• EXERCISE: Work through the data below and copy out every line where "Bathroom" is found.

DATASET START

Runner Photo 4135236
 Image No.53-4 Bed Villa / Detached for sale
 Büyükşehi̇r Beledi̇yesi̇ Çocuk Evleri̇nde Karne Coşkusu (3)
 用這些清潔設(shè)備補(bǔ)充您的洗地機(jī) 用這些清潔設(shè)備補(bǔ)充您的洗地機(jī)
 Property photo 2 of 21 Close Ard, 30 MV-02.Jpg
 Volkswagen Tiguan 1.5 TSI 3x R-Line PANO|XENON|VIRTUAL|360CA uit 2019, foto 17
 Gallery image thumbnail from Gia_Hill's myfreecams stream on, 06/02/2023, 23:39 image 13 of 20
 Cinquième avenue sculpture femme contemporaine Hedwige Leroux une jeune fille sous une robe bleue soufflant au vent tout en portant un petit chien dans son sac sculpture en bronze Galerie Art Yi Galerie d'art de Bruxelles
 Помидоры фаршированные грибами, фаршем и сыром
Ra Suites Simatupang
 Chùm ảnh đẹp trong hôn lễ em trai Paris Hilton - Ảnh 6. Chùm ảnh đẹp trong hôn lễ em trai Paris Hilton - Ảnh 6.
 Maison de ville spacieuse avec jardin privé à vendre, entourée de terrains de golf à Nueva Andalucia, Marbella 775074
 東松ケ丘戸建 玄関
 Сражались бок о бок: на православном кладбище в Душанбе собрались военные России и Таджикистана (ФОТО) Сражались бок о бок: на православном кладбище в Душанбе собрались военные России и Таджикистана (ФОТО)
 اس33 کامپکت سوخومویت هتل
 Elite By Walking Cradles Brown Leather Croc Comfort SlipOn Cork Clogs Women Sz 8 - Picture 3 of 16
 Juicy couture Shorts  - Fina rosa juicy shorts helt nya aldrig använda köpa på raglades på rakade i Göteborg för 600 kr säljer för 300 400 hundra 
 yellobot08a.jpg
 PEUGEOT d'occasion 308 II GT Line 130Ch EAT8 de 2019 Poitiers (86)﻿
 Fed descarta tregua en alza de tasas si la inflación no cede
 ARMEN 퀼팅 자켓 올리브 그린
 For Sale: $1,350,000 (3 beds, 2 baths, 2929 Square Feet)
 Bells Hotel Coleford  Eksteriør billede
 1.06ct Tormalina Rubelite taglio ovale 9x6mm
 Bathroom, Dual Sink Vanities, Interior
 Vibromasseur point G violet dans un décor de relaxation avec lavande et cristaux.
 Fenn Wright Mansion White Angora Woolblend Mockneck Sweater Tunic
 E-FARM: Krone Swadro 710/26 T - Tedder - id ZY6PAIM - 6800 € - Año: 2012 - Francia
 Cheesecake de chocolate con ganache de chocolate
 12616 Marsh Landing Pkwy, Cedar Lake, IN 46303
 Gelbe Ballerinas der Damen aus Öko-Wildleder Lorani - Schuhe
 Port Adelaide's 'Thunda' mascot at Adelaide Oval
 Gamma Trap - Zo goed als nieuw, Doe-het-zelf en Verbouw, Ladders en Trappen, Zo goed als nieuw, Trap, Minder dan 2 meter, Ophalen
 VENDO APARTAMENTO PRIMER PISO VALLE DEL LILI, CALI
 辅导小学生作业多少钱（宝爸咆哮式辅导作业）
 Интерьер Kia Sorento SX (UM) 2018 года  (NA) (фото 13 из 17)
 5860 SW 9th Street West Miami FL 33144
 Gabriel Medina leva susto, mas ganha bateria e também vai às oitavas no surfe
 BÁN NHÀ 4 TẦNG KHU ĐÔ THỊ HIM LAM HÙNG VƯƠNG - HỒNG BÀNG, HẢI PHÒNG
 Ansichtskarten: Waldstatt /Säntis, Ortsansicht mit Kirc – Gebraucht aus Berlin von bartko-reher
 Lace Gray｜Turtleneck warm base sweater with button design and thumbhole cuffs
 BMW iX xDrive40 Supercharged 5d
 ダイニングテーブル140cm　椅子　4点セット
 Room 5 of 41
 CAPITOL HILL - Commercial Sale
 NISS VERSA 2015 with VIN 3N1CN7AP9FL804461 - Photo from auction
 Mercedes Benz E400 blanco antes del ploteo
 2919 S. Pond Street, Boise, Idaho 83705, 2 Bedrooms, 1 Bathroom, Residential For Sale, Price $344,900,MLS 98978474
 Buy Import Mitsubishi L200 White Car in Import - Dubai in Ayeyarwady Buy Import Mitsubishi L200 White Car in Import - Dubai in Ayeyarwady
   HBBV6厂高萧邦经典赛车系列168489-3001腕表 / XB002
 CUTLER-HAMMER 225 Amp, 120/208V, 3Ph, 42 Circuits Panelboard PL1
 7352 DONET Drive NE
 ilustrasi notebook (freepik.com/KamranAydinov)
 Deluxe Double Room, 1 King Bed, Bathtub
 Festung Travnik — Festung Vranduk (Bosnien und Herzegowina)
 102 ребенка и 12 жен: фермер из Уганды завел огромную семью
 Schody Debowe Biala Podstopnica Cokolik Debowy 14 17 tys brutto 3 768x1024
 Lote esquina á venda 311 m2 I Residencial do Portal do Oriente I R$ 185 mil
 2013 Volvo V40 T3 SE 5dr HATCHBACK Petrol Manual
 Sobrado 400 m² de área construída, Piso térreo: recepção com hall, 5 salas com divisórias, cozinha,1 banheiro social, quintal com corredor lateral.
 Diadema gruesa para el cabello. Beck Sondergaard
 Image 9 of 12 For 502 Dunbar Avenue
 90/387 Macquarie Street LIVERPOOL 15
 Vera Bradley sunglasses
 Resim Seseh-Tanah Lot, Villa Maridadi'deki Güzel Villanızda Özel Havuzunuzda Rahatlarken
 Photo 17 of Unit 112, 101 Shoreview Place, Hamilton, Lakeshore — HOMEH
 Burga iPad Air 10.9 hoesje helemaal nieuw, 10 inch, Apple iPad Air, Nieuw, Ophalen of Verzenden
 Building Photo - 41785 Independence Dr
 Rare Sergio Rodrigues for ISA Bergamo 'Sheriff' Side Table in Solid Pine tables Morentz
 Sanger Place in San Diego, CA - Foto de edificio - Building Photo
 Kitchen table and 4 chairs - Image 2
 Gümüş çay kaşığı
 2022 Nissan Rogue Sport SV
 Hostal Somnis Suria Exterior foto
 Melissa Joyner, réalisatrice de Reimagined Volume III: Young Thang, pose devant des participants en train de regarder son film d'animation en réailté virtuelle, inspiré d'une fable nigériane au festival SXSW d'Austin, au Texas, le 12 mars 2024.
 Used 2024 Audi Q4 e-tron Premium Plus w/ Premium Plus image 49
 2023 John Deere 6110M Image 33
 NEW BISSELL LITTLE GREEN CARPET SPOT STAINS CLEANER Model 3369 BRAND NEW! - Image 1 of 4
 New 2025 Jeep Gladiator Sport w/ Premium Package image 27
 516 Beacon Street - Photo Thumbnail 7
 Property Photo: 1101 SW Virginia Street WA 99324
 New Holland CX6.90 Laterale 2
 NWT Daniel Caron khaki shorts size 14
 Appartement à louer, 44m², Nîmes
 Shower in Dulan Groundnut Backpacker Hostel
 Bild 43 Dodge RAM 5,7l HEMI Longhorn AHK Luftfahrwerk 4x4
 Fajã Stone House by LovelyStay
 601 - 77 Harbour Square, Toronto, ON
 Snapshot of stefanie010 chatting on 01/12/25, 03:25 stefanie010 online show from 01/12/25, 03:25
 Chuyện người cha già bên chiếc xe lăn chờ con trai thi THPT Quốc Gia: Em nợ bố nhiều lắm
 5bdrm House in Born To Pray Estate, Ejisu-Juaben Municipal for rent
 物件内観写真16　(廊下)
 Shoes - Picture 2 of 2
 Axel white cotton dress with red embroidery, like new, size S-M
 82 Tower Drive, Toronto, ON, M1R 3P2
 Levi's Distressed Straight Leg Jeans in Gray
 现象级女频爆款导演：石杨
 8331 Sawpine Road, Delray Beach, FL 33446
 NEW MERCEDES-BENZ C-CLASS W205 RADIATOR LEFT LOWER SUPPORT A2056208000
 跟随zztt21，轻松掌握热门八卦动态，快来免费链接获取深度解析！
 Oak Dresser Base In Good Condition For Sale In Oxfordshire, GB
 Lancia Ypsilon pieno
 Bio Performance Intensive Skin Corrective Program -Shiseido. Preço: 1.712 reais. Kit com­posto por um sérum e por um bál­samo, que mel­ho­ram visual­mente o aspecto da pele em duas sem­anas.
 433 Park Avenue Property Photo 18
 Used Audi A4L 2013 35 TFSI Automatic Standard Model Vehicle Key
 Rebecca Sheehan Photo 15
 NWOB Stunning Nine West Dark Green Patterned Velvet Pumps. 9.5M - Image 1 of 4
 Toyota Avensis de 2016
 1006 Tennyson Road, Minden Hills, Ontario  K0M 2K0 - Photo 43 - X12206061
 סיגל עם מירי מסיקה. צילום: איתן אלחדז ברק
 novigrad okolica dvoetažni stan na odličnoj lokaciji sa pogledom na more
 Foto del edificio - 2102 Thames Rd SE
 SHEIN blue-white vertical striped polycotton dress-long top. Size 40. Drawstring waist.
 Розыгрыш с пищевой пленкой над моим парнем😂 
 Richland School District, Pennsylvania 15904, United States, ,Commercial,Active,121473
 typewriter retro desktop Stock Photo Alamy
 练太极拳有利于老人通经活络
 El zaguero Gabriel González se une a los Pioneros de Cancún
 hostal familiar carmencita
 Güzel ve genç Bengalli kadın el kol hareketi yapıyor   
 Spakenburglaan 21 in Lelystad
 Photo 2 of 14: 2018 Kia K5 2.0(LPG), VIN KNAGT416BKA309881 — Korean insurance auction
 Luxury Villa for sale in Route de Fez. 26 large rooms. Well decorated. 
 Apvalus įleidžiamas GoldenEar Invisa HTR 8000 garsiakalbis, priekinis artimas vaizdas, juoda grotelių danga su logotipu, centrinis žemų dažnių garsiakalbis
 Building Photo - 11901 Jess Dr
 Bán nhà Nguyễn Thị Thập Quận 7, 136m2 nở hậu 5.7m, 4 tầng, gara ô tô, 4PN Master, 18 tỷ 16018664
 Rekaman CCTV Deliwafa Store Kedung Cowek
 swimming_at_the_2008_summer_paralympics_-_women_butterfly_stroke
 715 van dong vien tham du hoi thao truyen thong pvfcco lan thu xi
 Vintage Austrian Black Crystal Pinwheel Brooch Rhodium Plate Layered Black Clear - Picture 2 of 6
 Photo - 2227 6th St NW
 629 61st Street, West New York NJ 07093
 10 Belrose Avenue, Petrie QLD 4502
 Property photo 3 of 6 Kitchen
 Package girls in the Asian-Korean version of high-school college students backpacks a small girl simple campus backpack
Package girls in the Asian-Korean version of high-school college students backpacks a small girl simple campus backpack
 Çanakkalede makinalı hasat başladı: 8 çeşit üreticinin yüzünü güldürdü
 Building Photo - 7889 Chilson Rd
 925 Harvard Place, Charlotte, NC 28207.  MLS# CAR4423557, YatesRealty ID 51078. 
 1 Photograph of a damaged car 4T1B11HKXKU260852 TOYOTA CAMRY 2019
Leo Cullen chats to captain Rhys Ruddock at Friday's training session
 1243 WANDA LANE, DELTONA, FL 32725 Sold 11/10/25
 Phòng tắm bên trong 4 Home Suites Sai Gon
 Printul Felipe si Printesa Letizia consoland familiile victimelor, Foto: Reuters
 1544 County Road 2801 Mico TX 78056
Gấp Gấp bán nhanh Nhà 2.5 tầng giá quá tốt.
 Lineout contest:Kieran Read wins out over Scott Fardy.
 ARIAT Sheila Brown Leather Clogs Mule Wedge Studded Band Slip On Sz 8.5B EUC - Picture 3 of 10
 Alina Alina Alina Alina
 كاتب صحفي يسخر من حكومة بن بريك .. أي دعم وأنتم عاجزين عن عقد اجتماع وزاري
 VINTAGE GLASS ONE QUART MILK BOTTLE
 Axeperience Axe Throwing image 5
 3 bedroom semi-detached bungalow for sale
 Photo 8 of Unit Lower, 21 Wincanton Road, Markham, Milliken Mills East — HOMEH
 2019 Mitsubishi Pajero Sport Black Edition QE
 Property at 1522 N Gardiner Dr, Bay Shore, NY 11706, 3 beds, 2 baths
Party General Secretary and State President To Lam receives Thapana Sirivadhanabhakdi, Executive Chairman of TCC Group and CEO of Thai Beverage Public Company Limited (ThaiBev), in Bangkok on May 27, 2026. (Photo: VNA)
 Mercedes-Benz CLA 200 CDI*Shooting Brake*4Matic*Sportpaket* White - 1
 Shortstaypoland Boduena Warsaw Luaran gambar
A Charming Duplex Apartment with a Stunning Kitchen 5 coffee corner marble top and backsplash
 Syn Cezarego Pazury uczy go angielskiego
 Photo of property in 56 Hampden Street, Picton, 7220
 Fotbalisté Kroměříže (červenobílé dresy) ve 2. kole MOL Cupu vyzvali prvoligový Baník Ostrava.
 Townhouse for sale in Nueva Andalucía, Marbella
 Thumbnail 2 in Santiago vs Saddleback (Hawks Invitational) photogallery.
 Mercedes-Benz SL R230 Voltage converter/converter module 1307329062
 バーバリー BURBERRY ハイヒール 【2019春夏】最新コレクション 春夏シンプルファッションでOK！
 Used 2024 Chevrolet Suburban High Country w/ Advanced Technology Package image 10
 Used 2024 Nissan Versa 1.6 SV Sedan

DATASET END

• EXERCISE RESULT:
 Bathroom, Dual Sink Vanities, Interior
 2919 S. Pond Street, Boise, Idaho 83705, 2 Bedrooms, 1 Bathroom, Residential For Sale, Price $344,900,MLS 98978474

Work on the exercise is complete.